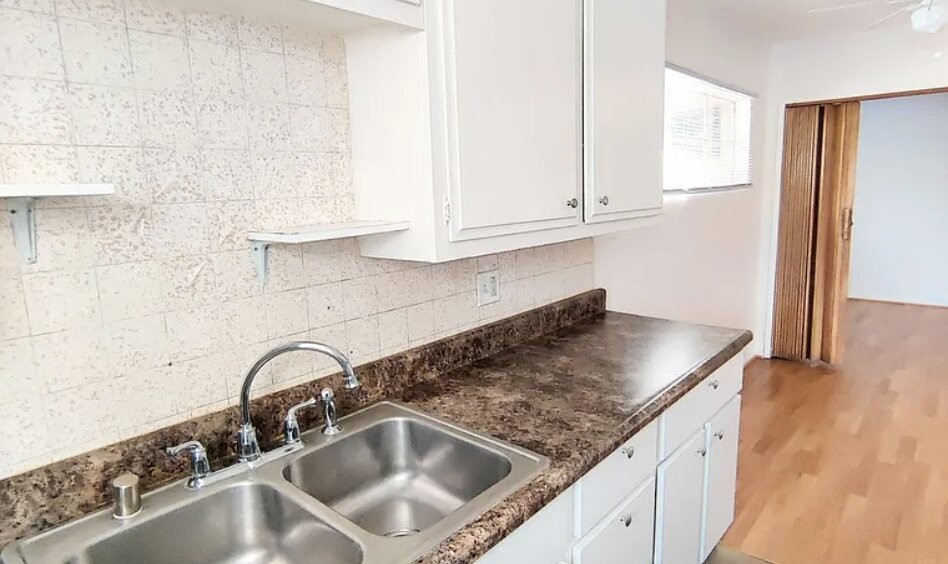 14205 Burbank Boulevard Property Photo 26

* * *

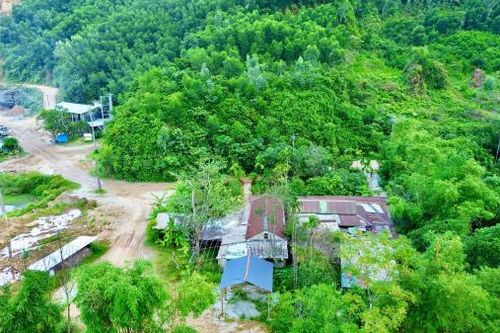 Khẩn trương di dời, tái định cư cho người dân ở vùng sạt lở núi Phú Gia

---

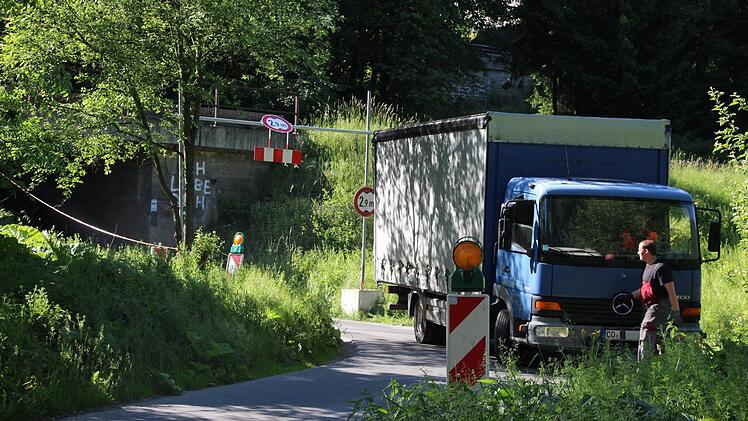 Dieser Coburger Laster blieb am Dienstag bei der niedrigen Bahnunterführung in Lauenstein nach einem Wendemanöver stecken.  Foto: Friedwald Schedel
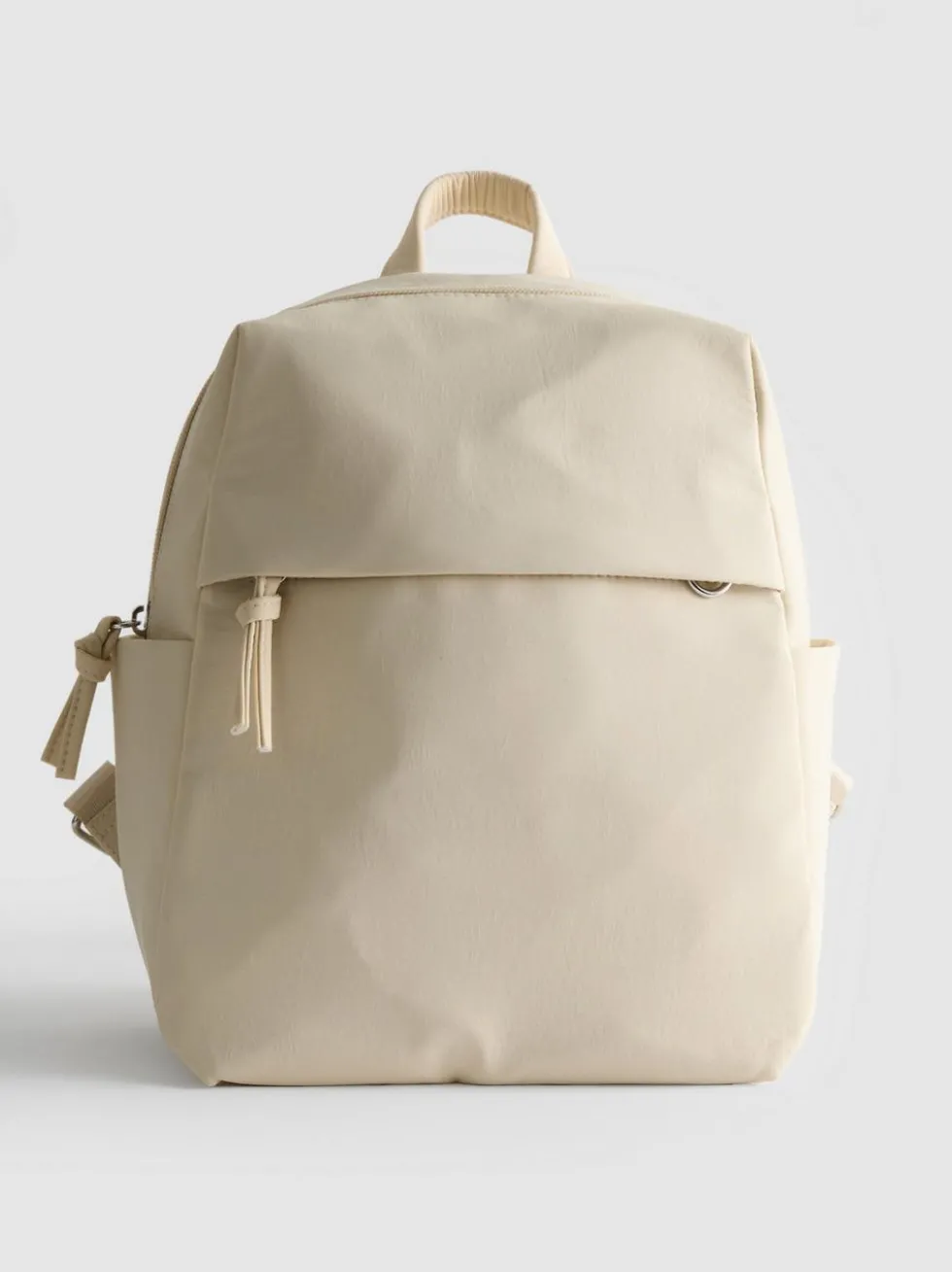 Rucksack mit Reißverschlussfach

■ **TASK DIRECTIONS**
Above are records with pictures. Reproduce exactly only the lines from the line with "Dieser Coburger Laster" through the line with "Rucksack mit Reißverschlussfach", both ends included, and leave the pictures out.

■ **EXERCISE RESULT**
 Dieser Coburger Laster blieb am Dienstag bei der niedrigen Bahnunterführung in Lauenstein nach einem Wendemanöver stecken.  Foto: Friedwald Schedel
 Rucksack mit Reißverschlussfach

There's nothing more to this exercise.